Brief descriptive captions
○ ○ ○ ○ ○
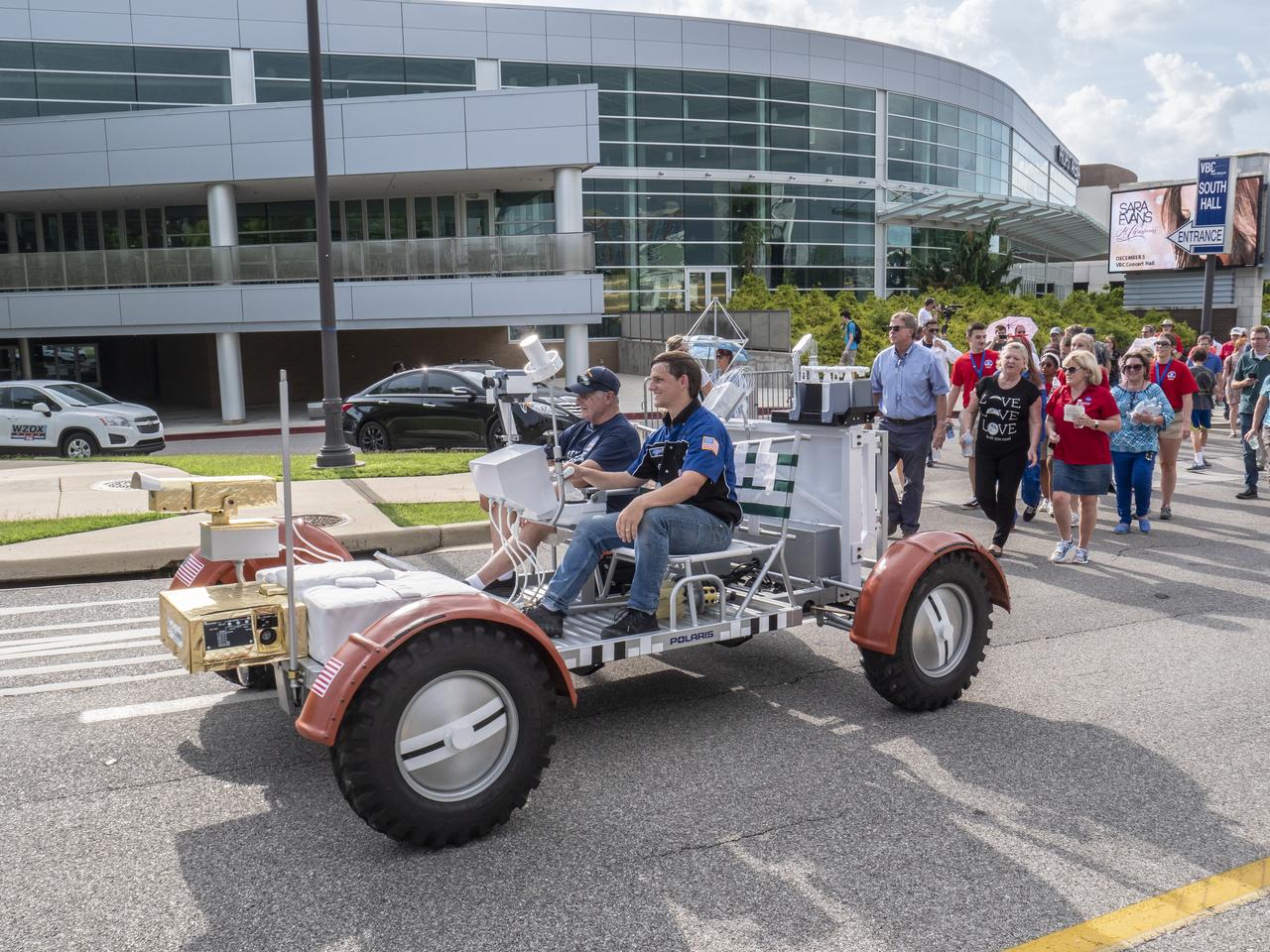 The City of Huntsville hosted a celebration of the Apollo 11 Moon landing with a street party on the downtown square with exhibits from the Marshall Space Flight Center and contributing contractors. The event was kicked off with remarks from Huntsville Mayor Tommy Battle, Marshall Space Flight Center's Director Jody Singer, and U.S. Space and Rocket Center's Director Deborah Barnhart with the Polaris replica of the Lunar Moon Buggy in the foreground. The Lunar Rover replica, followed by MSFC Director Jody Singer, USSRC Director Deborah Barnhart, and May Tommy Battle lead the parade to the Huntsville square.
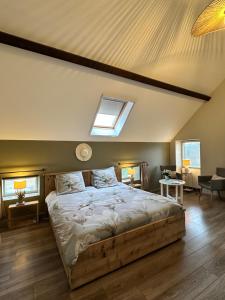 a bedroom with a large bed with a skylight at Chambres d'Hôtes Maison Balady in Bellenaves +30 photos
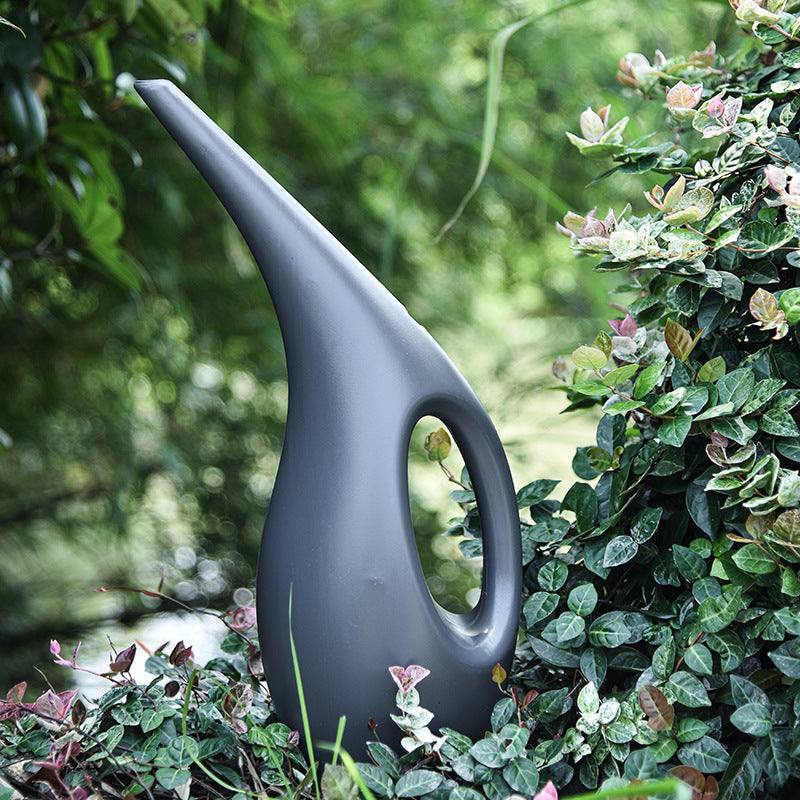 Gardening household watering can with sleek design among greenery.
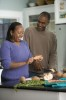 Older couple preparing a meal.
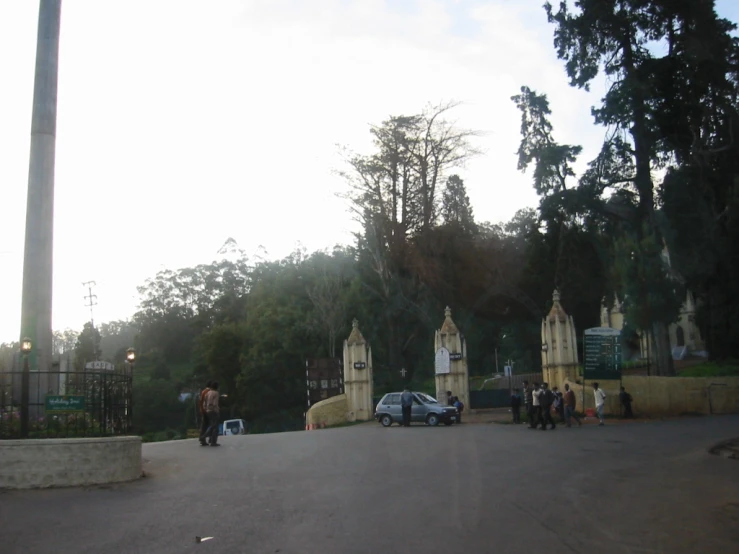 people gathered outside in front of large, ornate buildings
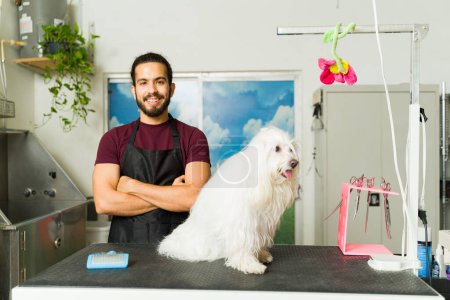 Téléchargez les photos : Heureux homme hispanique souriant tout en travaillant comme toiletteur au spa pour chiens et en donnant un bain et une coupe de cheveux à un chien maltais - en image libre de droit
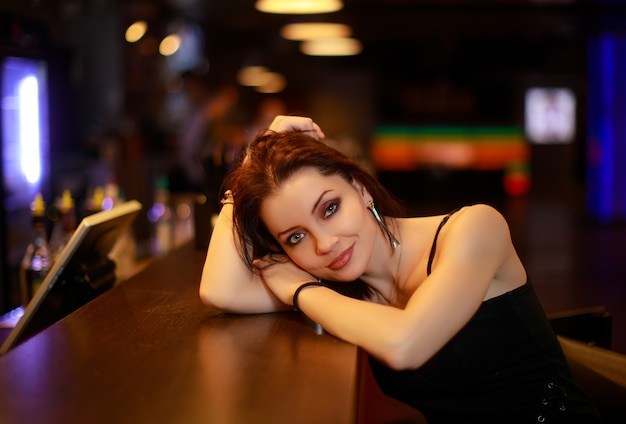 Красивая брюнетка женщина в вечернем платье позирует возле бара в одиночестве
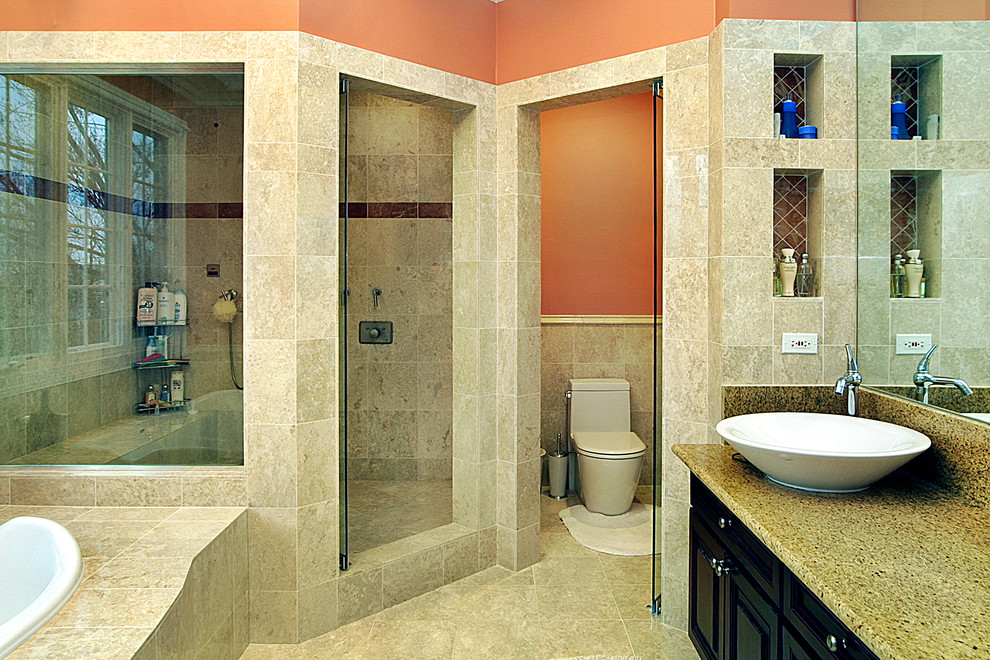Idée de décoration pour une douche en alcôve principale tradition de taille moyenne avec une vasque, un placard avec porte à panneau surélevé, un plan de toilette en granite, une baignoire posée, WC à poser, un carrelage beige, un carrelage de pierre, un mur orange et un sol en travertin.
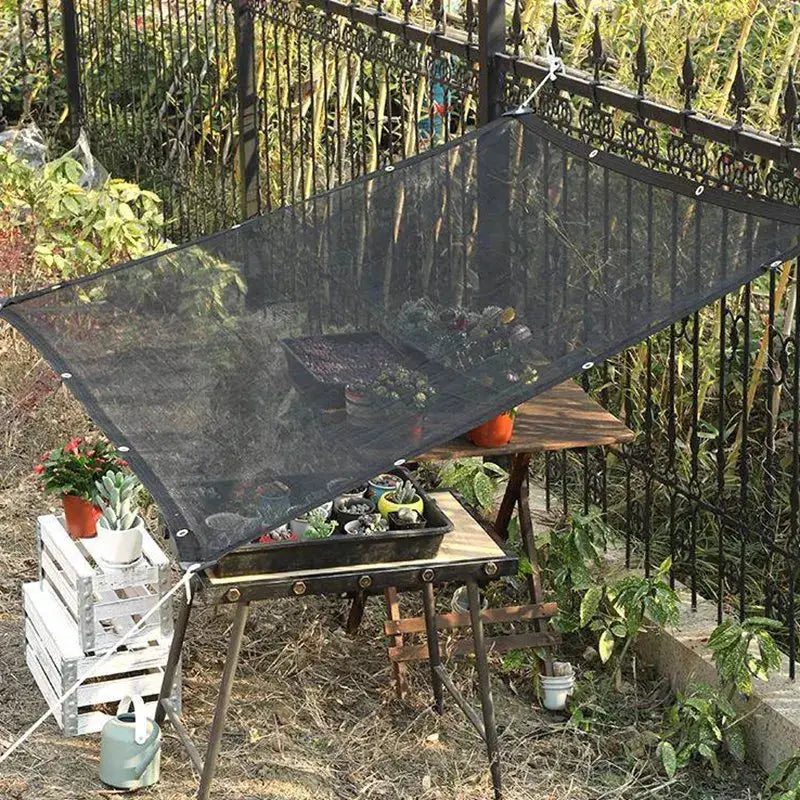 Shade net black HDPE garden sun shade over a table with potted plants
○ ○ ○ ○ ○
> _WHAT YOU ARE ASKED TO DO_:
Print the lines from the one that contains "a bedroom with" through the last line of the data, exactly and in full, and no other lines. Pictures are not part of the copy.

> _WRITTEN ANSWER_:
 a bedroom with a large bed with a skylight at Chambres d'Hôtes Maison Balady in Bellenaves +30 photos
 Gardening household watering can with sleek design among greenery.
 Older couple preparing a meal.
 people gathered outside in front of large, ornate buildings
 Téléchargez les photos : Heureux homme hispanique souriant tout en travaillant comme toiletteur au spa pour chiens et en donnant un bain et une coupe de cheveux à un chien maltais - en image libre de droit
 Красивая брюнетка женщина в вечернем платье позирует возле бара в одиночестве
Idée de décoration pour une douche en alcôve principale tradition de taille moyenne avec une vasque, un placard avec porte à panneau surélevé, un plan de toilette en granite, une baignoire posée, WC à poser, un carrelage beige, un carrelage de pierre, un mur orange et un sol en travertin.
 Shade net black HDPE garden sun shade over a table with potted plants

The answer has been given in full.